I have read the official doc about data distribution and the some in-depth discussion on the topic:
https://github.com/apple/foundationdb/blob/master/design/data-distributor-internals.md
https://forums.foundationdb.org/t/keyspace-partitions-performance/168

I have a general concept how sharding is done within FDB based on the doc and discussion. It’s not clear to me how to optimize the performance for my use case of initial batch loading when the FDB is empty.

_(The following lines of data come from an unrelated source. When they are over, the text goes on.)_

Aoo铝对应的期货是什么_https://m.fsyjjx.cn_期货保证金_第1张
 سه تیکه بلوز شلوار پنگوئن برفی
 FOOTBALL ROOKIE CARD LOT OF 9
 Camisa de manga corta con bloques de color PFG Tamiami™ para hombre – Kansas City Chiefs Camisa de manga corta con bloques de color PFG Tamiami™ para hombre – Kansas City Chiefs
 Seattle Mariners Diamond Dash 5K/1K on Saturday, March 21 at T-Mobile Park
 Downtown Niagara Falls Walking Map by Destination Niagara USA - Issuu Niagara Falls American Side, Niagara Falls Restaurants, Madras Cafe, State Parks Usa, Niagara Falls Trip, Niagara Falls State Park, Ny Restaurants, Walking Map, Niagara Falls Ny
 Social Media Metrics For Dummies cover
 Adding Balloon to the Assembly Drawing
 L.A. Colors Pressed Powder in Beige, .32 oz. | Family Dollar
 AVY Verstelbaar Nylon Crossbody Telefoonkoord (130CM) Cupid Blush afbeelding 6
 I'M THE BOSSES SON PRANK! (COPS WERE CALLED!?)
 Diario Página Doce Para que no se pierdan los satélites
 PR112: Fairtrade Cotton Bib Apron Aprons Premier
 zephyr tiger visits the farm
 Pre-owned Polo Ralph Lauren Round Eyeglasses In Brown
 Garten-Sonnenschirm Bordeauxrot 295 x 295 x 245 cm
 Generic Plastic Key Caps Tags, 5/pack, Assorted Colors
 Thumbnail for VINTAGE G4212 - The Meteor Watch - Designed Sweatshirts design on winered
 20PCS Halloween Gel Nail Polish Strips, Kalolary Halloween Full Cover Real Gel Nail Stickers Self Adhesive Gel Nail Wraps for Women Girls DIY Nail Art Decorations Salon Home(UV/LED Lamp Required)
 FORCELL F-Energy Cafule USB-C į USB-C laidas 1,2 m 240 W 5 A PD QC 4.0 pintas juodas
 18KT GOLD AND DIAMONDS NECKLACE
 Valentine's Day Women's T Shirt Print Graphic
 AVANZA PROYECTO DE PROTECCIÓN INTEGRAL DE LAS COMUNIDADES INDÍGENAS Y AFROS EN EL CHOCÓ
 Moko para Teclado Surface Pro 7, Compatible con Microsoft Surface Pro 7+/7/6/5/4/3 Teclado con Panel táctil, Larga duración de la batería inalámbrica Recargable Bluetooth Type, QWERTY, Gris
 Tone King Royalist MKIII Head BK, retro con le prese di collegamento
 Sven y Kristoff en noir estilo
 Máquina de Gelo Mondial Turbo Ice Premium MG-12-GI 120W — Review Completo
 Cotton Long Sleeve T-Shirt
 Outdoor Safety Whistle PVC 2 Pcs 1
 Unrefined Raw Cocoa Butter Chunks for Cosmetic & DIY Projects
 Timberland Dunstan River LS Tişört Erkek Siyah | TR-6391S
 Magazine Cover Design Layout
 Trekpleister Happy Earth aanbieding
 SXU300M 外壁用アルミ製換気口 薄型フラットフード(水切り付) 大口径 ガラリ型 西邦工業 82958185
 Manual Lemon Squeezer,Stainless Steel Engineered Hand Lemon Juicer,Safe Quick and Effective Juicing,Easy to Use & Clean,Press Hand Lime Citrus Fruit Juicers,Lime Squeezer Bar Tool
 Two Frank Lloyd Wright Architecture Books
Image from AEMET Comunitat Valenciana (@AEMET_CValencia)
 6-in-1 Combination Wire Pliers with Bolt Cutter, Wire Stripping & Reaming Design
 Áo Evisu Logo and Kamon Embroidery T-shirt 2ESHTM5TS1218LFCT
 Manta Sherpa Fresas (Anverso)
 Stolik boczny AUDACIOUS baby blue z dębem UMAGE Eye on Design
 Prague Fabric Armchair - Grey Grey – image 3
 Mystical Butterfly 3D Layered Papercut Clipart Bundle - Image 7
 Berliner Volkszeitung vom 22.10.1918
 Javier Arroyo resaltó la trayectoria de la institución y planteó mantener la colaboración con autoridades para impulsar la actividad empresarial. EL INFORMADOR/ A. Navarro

We have about 32 clients to load data concurrently to a FDB cluster with 9 SS, 3 proxies, and 3 log processes. The data set is split pretty evenly, but we noticed a degrading performance during the run. The first batch of tasks took about 20 to 30 seconds each, while the later batches took about 2 minutes. The data volume is about same (450K entries), and we commit every 30K entries (about 1M on key/value size). We noticed large “Moving data” in status during the run, which is likely happen due to repartition since the FDB is empty in beginning. Here is an example:

Data:
 Replication health   - Healthy (Repartitioning)
 Moving data      - 4.209 GB
 Sum of key-value sizes - 3.365 GB
 Disk space used    - 11.688 GB

So the question is how to avoid/optimize the repartition during initial batch loading when there are dominant write (almost no read) without range allocation on server since it is empty initially? We tried hashed key over original sequential key, but seems not much changed. Since we are using a subspace through directory layer, would it limited the hash effect due to common prefix even it’s short?

Thanks,

Randy

I am interested in this and since this question has been asked for two years, would someone be able to answer it?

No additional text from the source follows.